Hi,

On 29 Apr., 15:34, Douglas Philips <d...@mac.com> wrote:

> > did you also check some? I would use (some #{item} coll)
> > or (some #(= % item) coll) from core instead of sucking in
> > 3.5Mb contrib for includes?.
>
> Isn't your real beef/bug-report here that you won't use a meaning/
> intention conveying function here because it is in a library you won't  
> load as the overhead of getting one function from a large library is  
> too high? If that were in a smaller library would it make any  
> difference?

No. Because some carries enough meaning for me. Is "some" element of
the "coll"ection equal ("=") to the "item" I have? As was said
elsewhere
this is an established (idiomatic) way to test that. (And it is
sufficiently ugly to carry the performance implications)

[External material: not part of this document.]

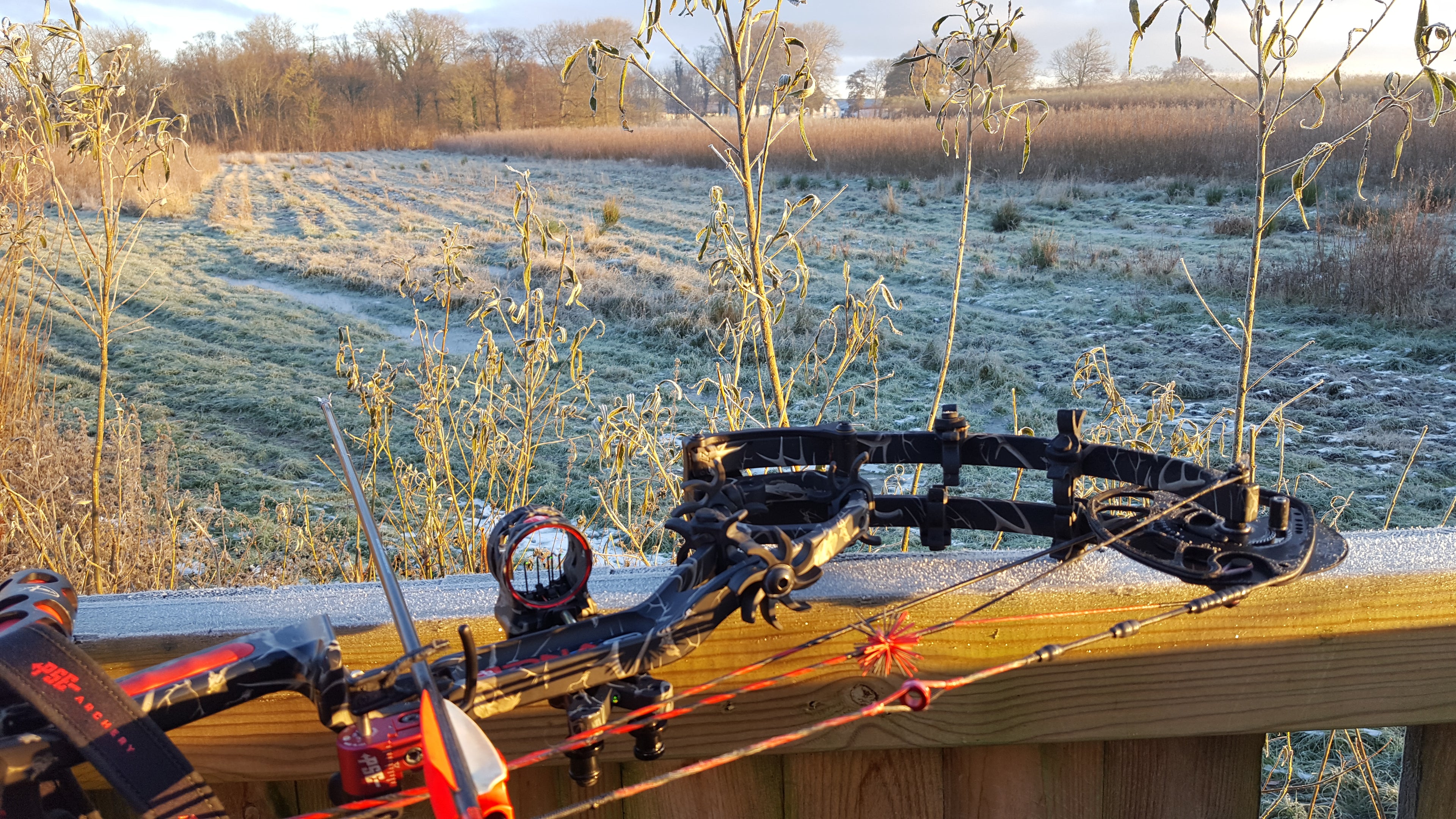 BueBua er din lokale butikk for bueutstyr. Vi hjelper deg med utstyr til bueskyting, buejakt, 3d-skyting, blinkskyting, buetuning og hjemmefiksing. Vi har også et komplett bueverksted som tar alle reparasjoner av compoundbuer.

However, a lot of people coming from other languages expected a
dedicated
functions for this ("some" is more general) and deemed contains? to be
that function (although the docstring clearly states otherwise).

So for me, seq-contains?/contains-val? is just a different phrasing
for
the above. I understand that it is easier for newbies to discover this
functionality and hence it is a reasonable thing to support that in
order to enhance the approachability of the language.

But I will not include a library for just that single function. I
actually
included already libraries for a single function, read Moustache. But
that really provides added value, not just a different name.